At Advent, which has publicly announced its intention of investing $5 billion in India and Asia, Shiv will not only be advising on investments but also mentoring the portfolio companies. “A PE firm looks at the 3 Cs — country, company and category (sector),” he says. He believes that monetisation comes through building a stronger brand. Just financials are not enough. And brand building in this age requires a nimble mindset.
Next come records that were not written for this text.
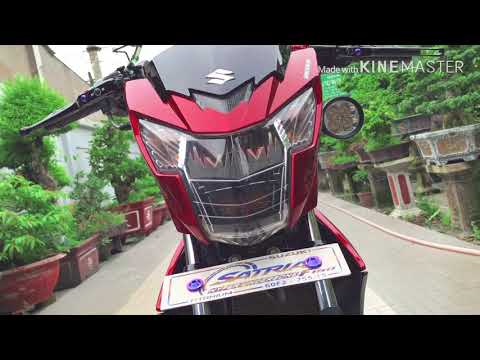 Video Satria Fi & Raider Fi đỏ đen full pxl lên kiểng - youtube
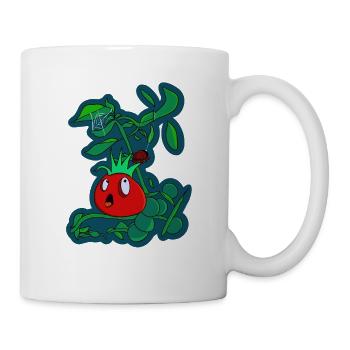 Die ängstliche Punker-Tomate - Tasse - Weiß - Rechts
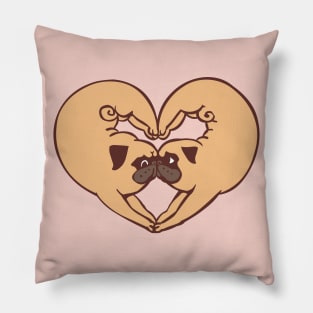 Pug Yoga In Love Pillow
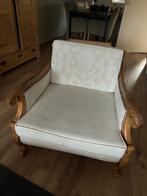 stoel, Gebruikt, Wit, Eén, Hout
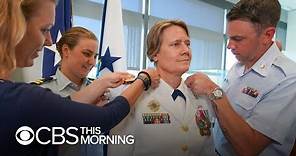 Coast Guard's first female four-star admiral reflects on her journey and the service's mission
“In the last 20 years, most big market leaders in India have lost share to smaller, nimbler companies,” he points out, describing how the old business models have become outdated, and savvy consumers are forcing companies to change. “The old business model was a product-led model — now you have education-led and service-led models,” says Shiv, widely acknowledged as one of India’s foremost marketing and management thought leader. Interestingly, the Bengaluru-born leader had studied aeronautical and mechanical engineering at IIT Madras — a far cry from marketing — but his seniors told him he had managerial capability, and that’s how he headed to IIM Calcutta, and later to Wharton.
Shiv, whose last assignment was with the Aditya Birla group, has always been a voracious reader. At IIM, he had read up literally every book in the library and also on his own steam corresponded with the leading thinkers of the time, toying with the idea of doing a doctorate in management. But he abandoned it as he felt that he wanted to be a practitioner rather than an academician, joining HUL, where he worked 19 years.
Shiv, a huge cricket buff, generously shares summaries of everything he reads. “Rather than accumulating knowledge for yourself, if you share that knowledge, your influence grows,” he says.